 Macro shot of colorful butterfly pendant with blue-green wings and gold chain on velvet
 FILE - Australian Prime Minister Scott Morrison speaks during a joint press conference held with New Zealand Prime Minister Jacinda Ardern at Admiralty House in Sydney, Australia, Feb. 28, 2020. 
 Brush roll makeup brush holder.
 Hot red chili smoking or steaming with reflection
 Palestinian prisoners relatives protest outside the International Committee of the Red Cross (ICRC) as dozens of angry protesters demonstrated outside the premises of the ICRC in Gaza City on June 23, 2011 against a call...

=-=-=-=-=

From the listing above, collect every line that mentions the word "with".

• _Answer for the task_
 Macro shot of colorful butterfly pendant with blue-green wings and gold chain on velvet
 FILE - Australian Prime Minister Scott Morrison speaks during a joint press conference held with New Zealand Prime Minister Jacinda Ardern at Admiralty House in Sydney, Australia, Feb. 28, 2020. 
 Hot red chili smoking or steaming with reflection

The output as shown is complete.